Paper Reading: Towards Data-Efficient Detection Transformers

Paper Link

Background

Detection transformers (like DETR) are data-hungry, the performance of detection transformers drops significantly on small training dataset.

Detection transformers:

  • DETR: Basic end to end solution
  • Deformable DETR, CondDETR : Concern on alleviating the slow convergence problem of DETR
  • The frameworks follow the label assignment approach of DETR

Data-Efficiency of VIT:

  • DeiT: knowledge distillation from pre-trained CNNs ……

Method

Difference Analysis of RCNNs and DETRs(Analysis)

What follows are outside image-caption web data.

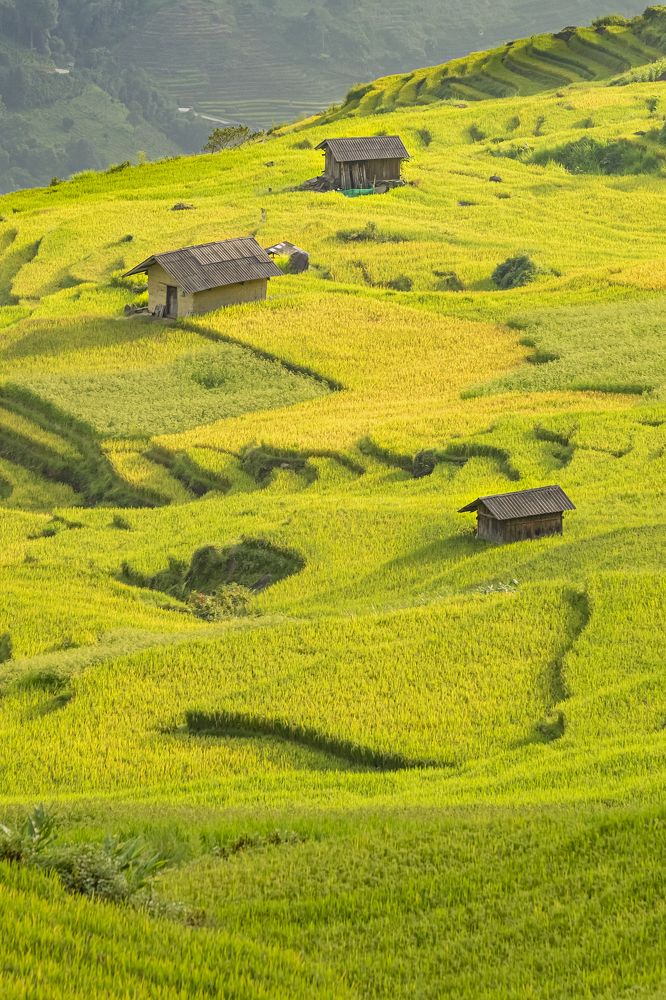 Photograph by Sắc Thừa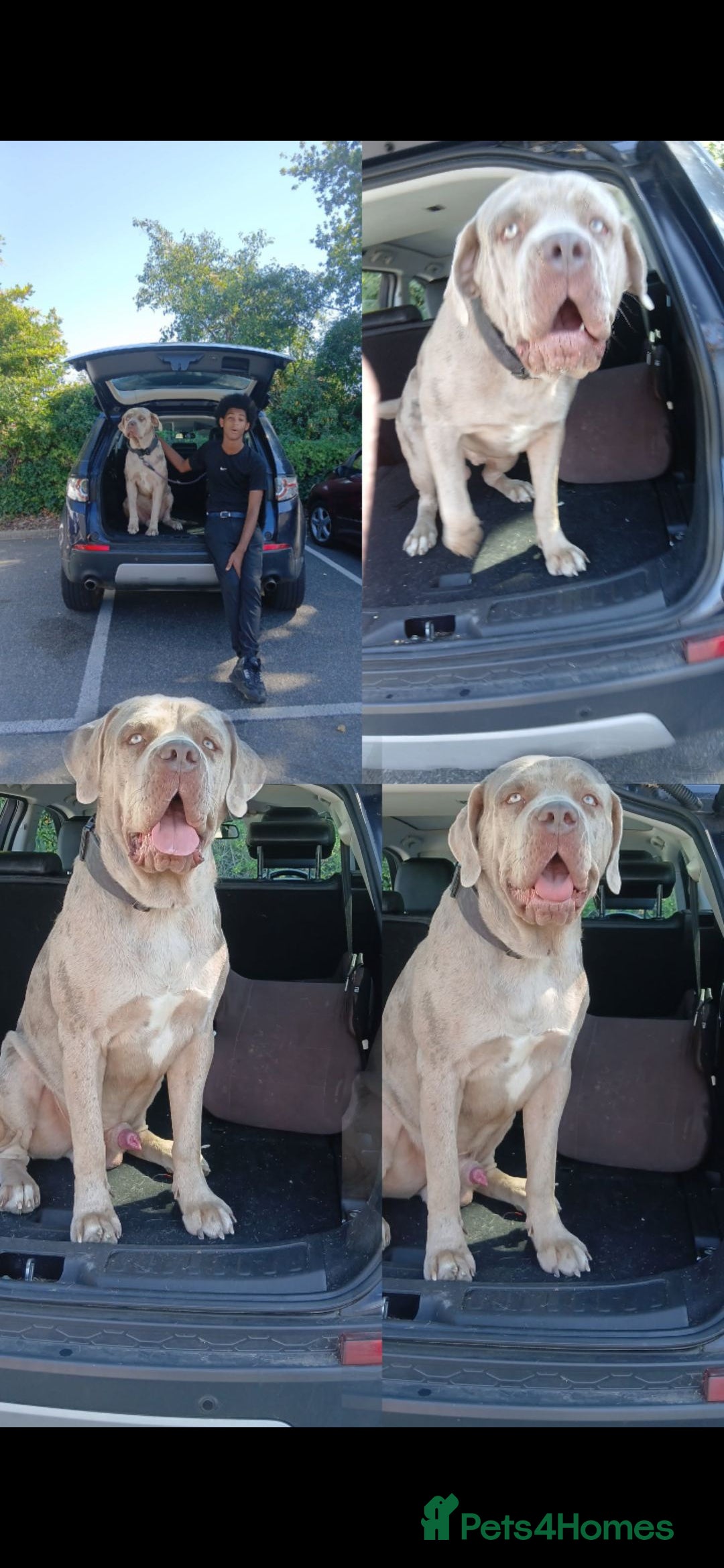 Mastiff dogs for stud: Molesser Mastiff stud (bandogge) - Image 3
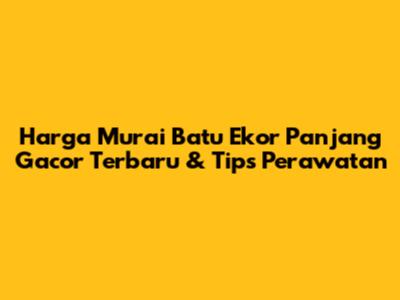 Harga Murai Batu Ekor Panjang Gacor Terbaru & Tips Perawatan
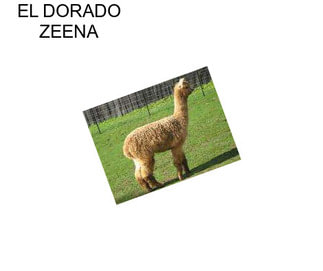 EL DORADO ZEENA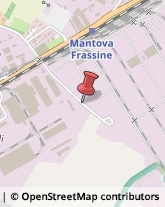 Autofficine e Centri Assistenza,46100Mantova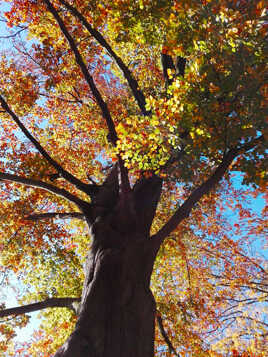 Namur - Automne 2016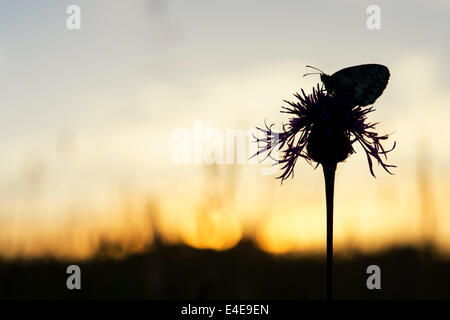 In marmo farfalla bianca su una centaurea fiore nella campagna inglese a sunrise. Silhouette Foto Stock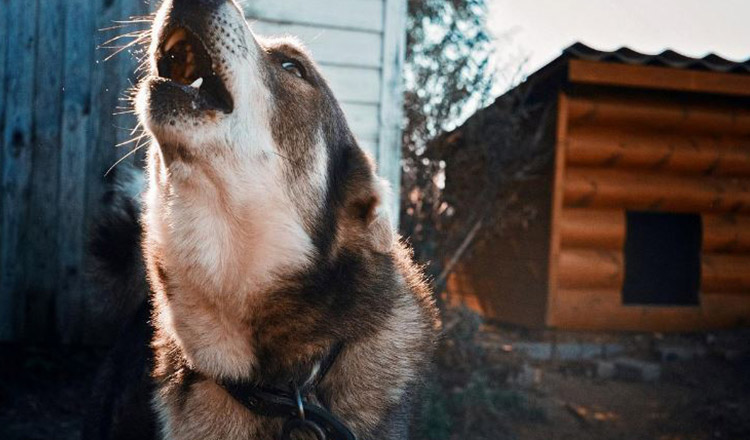 7 greșeli pe care să le eviți atunci când crești un câine la curte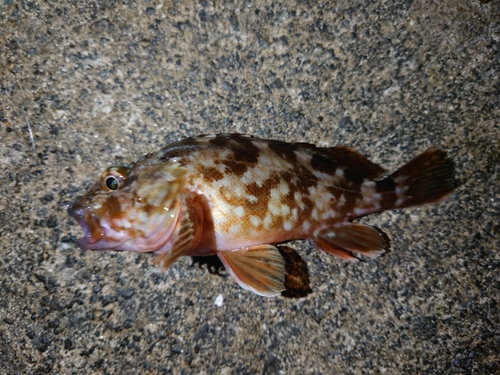 カサゴの釣果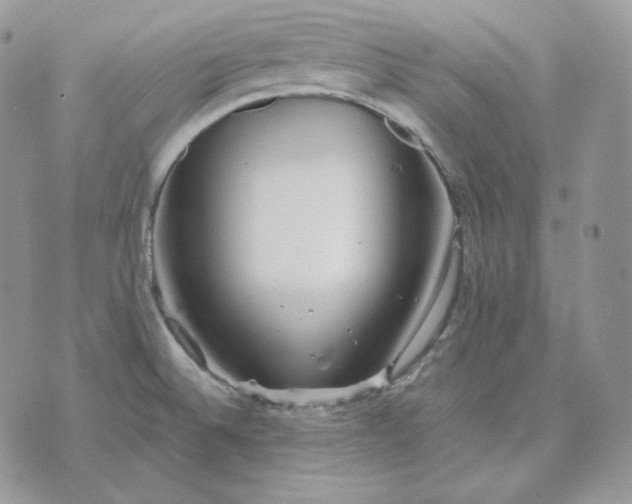 X0000075411524200609291653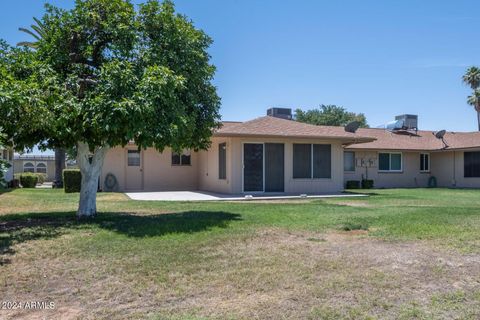 Duplex in Sun City AZ 10802 CAMEO Drive 31.jpg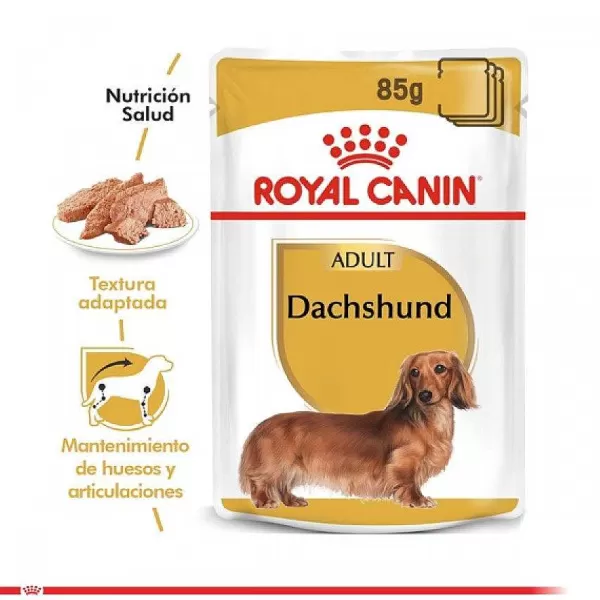 Alimento H Medo Perro Adulto Dachshund>Royal Canin Cheap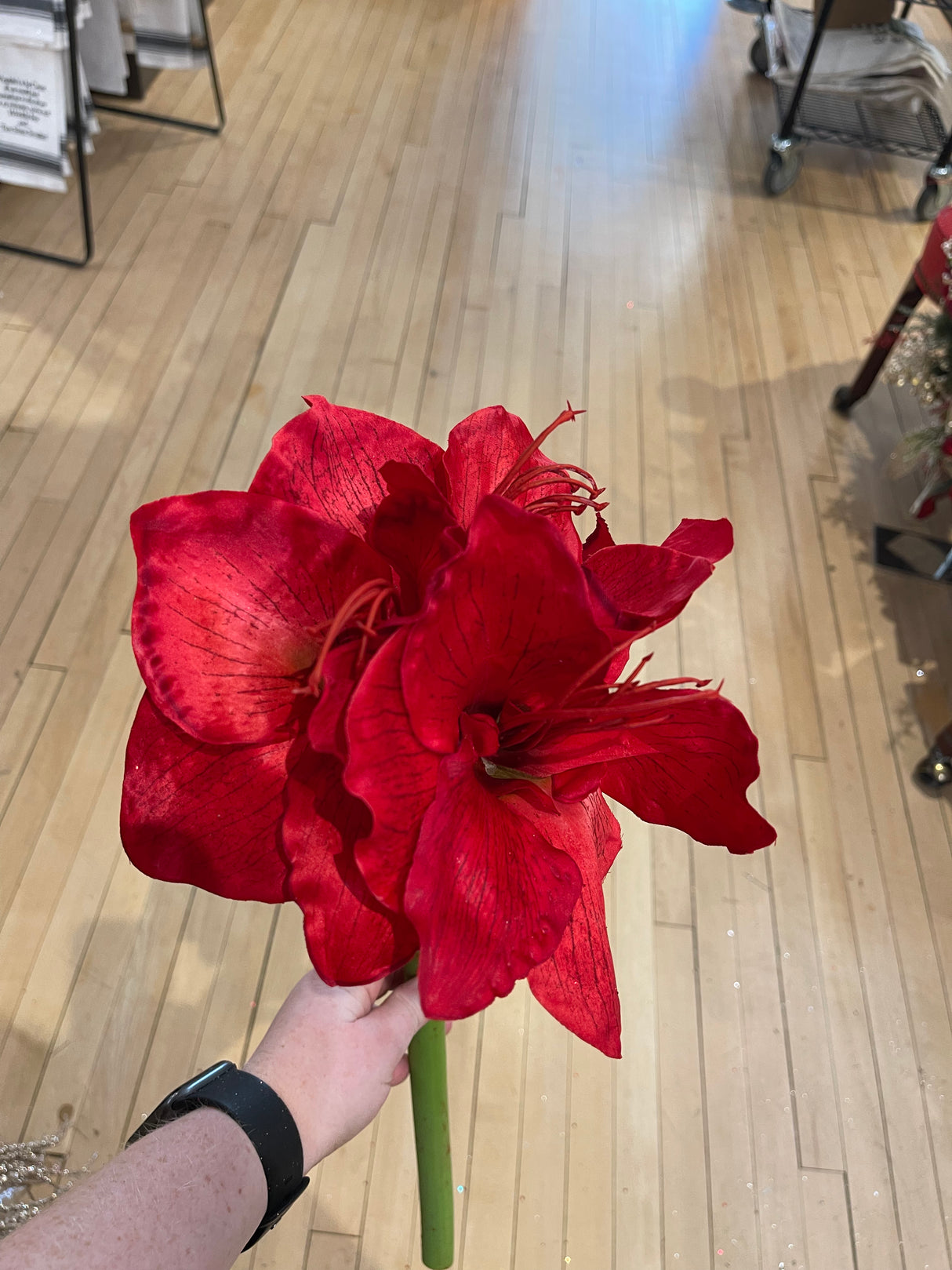 Red Amaryllis With Bud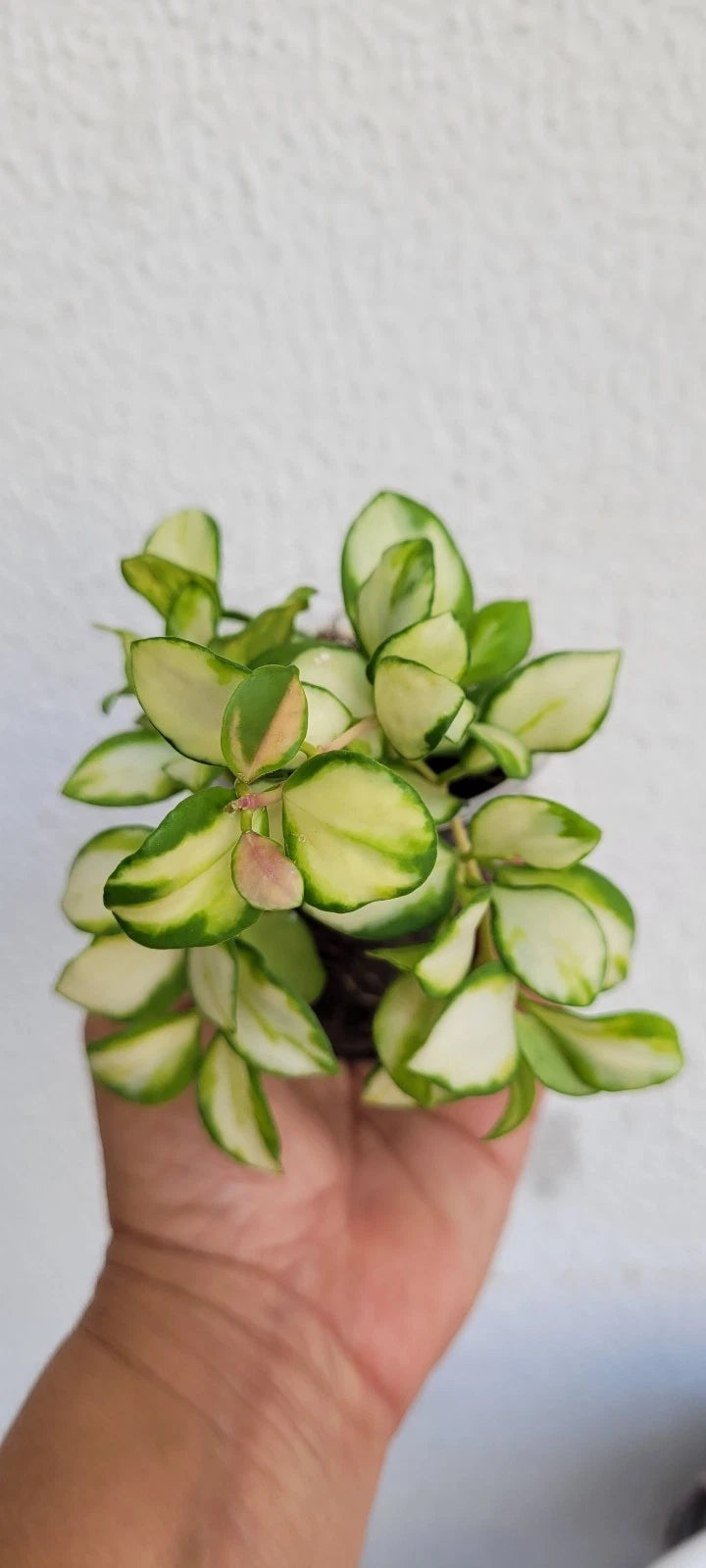 Hoya heuschkeliana Variegata Live Plant – Premium Rare Variegated Wax Plant Climbing & Trailing Vine Specimen for Indoor & Outdoor Display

Transform Sparse RCNN to DETR by replacing/adding/removing the components (Ablation experiment). The details are in 3.2.
—> 3 key factors:
(a) sparse feature sampling from local regions, e.g., using RoIAlign
(b) multi-scale features which depend on sparse feature sampling to be compu-tationally feasible
(c) prediction relative to initial spatial priors

(a) and (c) help the model to focus on local object regions and alleviate the re-quirement of learning locality from a large amount of data, while (b) facilitates a more comprehensive utilization and enhancement of the image features, though it also relies on sparse features. —-> local features are important to data-efficiency

Improve Data-efficiency

  • Sample the local features under the guidance of the former decoder layer.
  • concatenated to the high-resolution features extracted by the backbone. (Multi-scale features)
    The above 2 methods are peroformed on key and value sent to decoder
  • Label Augmentation: repeat the labels of each foreground —> enhance positive supervision signal

Evaluation/Experments

p

abi

Reading Summary

What is the contribution/novelty?

  • Proved that local features are important to data-efficiency
  • proposed sparse feature sampling and incorporated multi-scale feature to improve data-efficiency
  • Label augmation strategy

What is the existing issue?

Deformable DETR has better $AP_S$ in Table 2. but a lower $AP_L$ comparing to DELA-CondDETR, although they both concern on the local ans sparse features. How can we combine the pros of the two methods (by improve the attention module and decoder key/value generation, can be inspired from YSLAO?)? (Although it is not the focus of this paper).